Tulipas vermelhas, gotas de sangue real


Tulipas vermelhas
Tulipas vermelhas

Há séculos, as flores vermelhas são admiradas por sua exclusividade e beleza. Particularmente, adoro uma orquídea vermelha. Mas rosas e tulipas encontram-se bem posicionadas na minha lista, sempre.

As clássicas tulipas vermelhas são frequentemente associadas à representação de um amor perfeito. Segundo uma antiga lenda turca, um príncipe chamado Farhad encontrava-se perdidamente apaixonado pela donzela Shirin. Ao descobrir que sua amada havia morrido, cavalgou desesperadamente em direção a um precipício, de onde despencou. Segundo este conto, cada gota de sangue real transformou-se em uma tulipa vermelha.

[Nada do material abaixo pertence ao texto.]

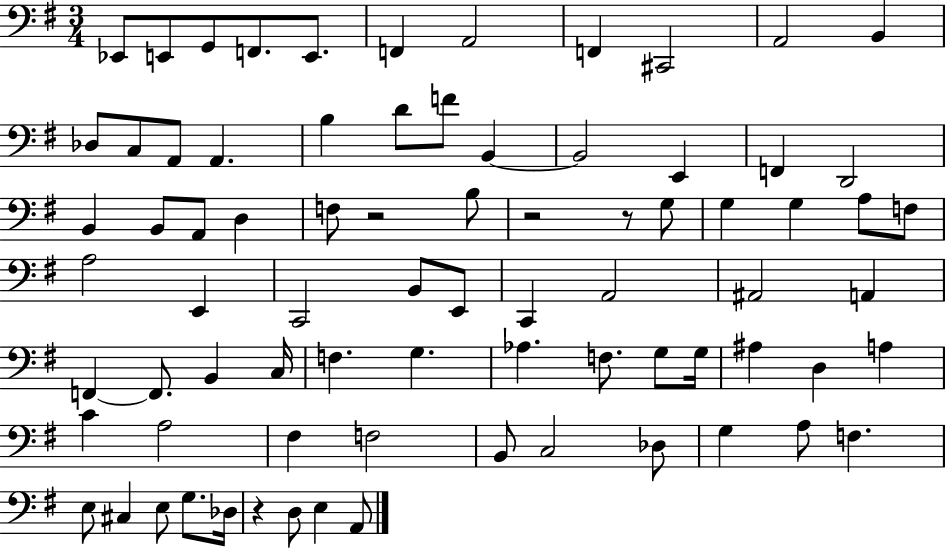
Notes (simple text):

Eb2/e E2/e G2/e F2/e. E2/e. F2/q A2/h F2/q C#2/h A2/h B2/q Db3/e C3/e A2/e A2/q. B3/q D4/e F4/e B2/q B2/h E2/q F2/q D2/h B2/q B2/e A2/e D3/q F3/e R/h B3/e R/h R/e G3/e G3/q G3/q A3/e F3/e A3/h E2/q C2/h B2/e E2/e C2/q A2/h A#2/h A2/q F2/q F2/e. B2/q C3/s F3/q. G3/q. Ab3/q. F3/e. G3/e G3/s A#3/q D3/q A3/q C4/q A3/h F#3/q F3/h B2/e C3/h Db3/e G3/q A3/e F3/q. E3/e C#3/q E3/e G3/e. Db3/s R/q D3/e E3/q A2/e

Esta flor de beleza incomum pertence à família Liliaceae, sendo originária de regiões da Eurásia e Norte da África. A tulipa é típica de terras que pertenceram ao antigo Império Persa, onde seu cultivo foi iniciado, ainda no décimo século. Foi uma flor bastante comercializada durante o Império Otomano, sendo até hoje presente na Turquia, como espécie nativa.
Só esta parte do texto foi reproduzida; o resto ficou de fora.